The place hadn’t changed
since his marriage to Serafina, if you didn’t count the occasional ding or that
big rip in the cloth sculpture of Kali. Back
in the 60’s it had been flawless, as had been Serafina and her gold ticket of notoriety. Carmine recalled the hours he’d spent playing
the doting husband while fantasizing about his own big break.
That break had happened for
him, finally, a year after the divorce. A
casting call had gone up at his former agent’s office – they were casting
around for a new Tony in the first run of West Side Story. He
still remembered what it felt like to walk into the Columbia with his back
straight, his lungs fresh and unspoiled.
He had performed his ass off and was rewarded with a chance.

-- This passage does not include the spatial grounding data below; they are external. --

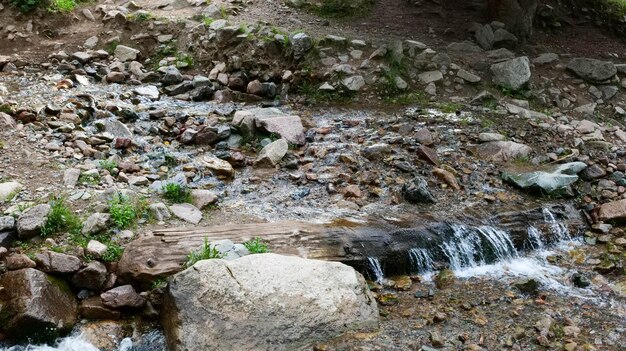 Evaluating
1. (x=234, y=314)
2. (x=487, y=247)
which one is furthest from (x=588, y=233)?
(x=234, y=314)

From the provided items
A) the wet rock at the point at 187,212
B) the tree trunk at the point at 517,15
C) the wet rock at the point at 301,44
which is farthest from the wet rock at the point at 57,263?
the tree trunk at the point at 517,15

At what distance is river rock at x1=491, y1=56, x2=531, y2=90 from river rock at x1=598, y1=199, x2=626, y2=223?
2960 mm

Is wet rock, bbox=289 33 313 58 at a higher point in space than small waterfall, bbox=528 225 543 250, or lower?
higher

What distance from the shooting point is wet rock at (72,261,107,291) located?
15.2ft

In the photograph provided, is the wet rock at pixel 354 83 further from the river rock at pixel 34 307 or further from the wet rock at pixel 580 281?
the river rock at pixel 34 307

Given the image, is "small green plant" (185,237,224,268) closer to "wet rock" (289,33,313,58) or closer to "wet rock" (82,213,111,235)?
"wet rock" (82,213,111,235)

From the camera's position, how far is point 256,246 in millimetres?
4961

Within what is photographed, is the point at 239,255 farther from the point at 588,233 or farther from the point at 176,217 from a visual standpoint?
the point at 588,233

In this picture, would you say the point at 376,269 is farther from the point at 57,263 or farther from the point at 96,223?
the point at 57,263

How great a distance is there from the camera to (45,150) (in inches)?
253

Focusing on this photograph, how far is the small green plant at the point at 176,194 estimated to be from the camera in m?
5.85

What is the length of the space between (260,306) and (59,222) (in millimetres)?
2037

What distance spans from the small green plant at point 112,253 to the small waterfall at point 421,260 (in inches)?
103

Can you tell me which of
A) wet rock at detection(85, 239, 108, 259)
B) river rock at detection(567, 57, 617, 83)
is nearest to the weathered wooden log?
wet rock at detection(85, 239, 108, 259) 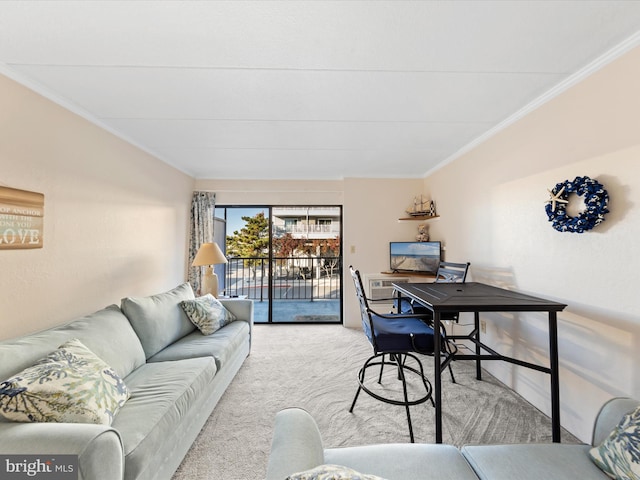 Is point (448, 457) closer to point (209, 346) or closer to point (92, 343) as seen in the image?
point (209, 346)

That was what led to his Tony
nomination – what had made him a recognizable face on Broadway.
What had led him to Eve…
He deliberately shook off
that old memory, managing a professional smile when his waiter came to the
table. He ordered something good and
spicy. Two hours later he left without
having given an autograph and a burning stomach, which distracted him from his
aching conscious.
***
Home again, Carmine grabbed another
shower, then turned on the TV. Brainless
sitcoms had never been his favorite kind of entertainment, but they were a
couple of noisy non-events before rolling into bed would make him sleep easier.
He glanced at the phone,
wishing it would ring as his mind drifted to Shirley. Beautiful, flexible Shirley…
It was too early to call
her. She needed a night of rest.
And so did he, Carmine
reminded himself as closed his eyes. He
needed a little time alone to prepare for the next round of auditions, before asking
her out for the weekend. Maybe they
could relive their dates of old and go necking at the movies. There
would be time to decide tomorrow….
And time to wonder how a
student veterinarian knew a queen from an infamous drag bar.